Automation devices have been used with sucker-rod pumping systems to monitor and temporarily discontinue pumping operations to protect the pump. Surface dynamometer data have long been used as a basis for controlling sucker-rod pumping systems. Historically, measured operating characteristics of the pumping unit have been used to derive a data set representing load (force) on the polished rod vs. displacement of the polished rod (known as a “surface dynamometer card”). Various algorithms have subsequently been applied to these data sets to identify a “pump-off” condition.

However, the surface dynamometer card does not supply an accurate depiction of the operation of the downhole pump due to the elasticity of the sucker-rod string and viscous damping effects among other operating conditions. With longer sucker-rods and larger pump sizes (higher stress) and even revolutionary new sucker-rod materials, the differences between the displacement versus time at the surface and the displacement versus time at the downhole pump can be quite dramatic. Therefore, methods of controlling sucker rod pumping units based upon surface dynamometer cards can be prone to error. In addition, the elasticity of the sucker rod string causes the stroke length of the downhole pump to differ from the stroke length of the polished rod.

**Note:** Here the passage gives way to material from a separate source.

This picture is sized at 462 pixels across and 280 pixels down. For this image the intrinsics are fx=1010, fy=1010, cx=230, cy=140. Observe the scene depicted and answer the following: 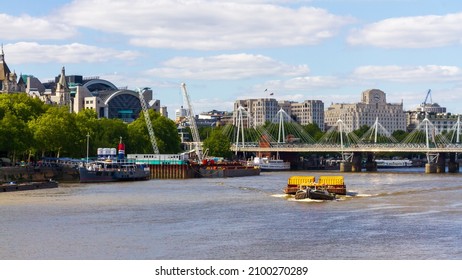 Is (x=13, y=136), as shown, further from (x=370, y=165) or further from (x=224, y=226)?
(x=370, y=165)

This introduces further error into production volume estimates.

Therefore, measurements taken at the pump are more reliable and less prone to error. Since direct measurement of the load and displacement at the pump in the wellbore is cost prohibitive in most production operations, attempts have been made to mathematically model or infer “downhole dynamometer cards” (load vs displacement at the downhole pump) from the surface dynamometer card and other static data. Those models are capable of providing an approximation of the actual downhole dynamometer card. However, the execution of those models in a remote setting (i.e. at the well site) requires considerable computing capacity. Additional logic must also still be applied to make a pump-off determination once the downhole dynamometer card has been mathematically simulated. Furthermore, existing methods including downhole dynamometer cards provide no direct means of estimating pump fillage. As a result, still more computational effort is required to derive the information needed to support reliable estimates of pump production.

There is a need, therefore, for a method for determining pump fillage and a method for controlling pump operations without deriving a downhole dynamometer card.

Methods for estimating pump efficiency of a rod pumped well are provided. In at least one embodiment, the method provides a rod within the well where the rod is connected to a pumping unit at a first end thereof and a pump at a second end thereof. The pumping unit is located at the surface. The rod reciprocates within the well by the pumping unit. A load on the polished rod and displacement of the polished rod are determined at a plurality of times during a single stroke of the pumping unit. The rod loads and displacement at the plurality of times are utilized to calculate at least one displacement and time near the pump. The calculated displacement and time near the pump are utilized to determine a minimum stroke (NS, feet) and maximum stroke (XS, feet). The calculated displacement and time near the pump are also used to calculate a transfer point (TP). From the minimum stroke (NS, feet), maximum stroke (XS, feet), and transfer point (TP), the pump efficiency (PEFF) can be calculated according to the following equation: PEFF=100%*(TP−NS)/(XS−NS).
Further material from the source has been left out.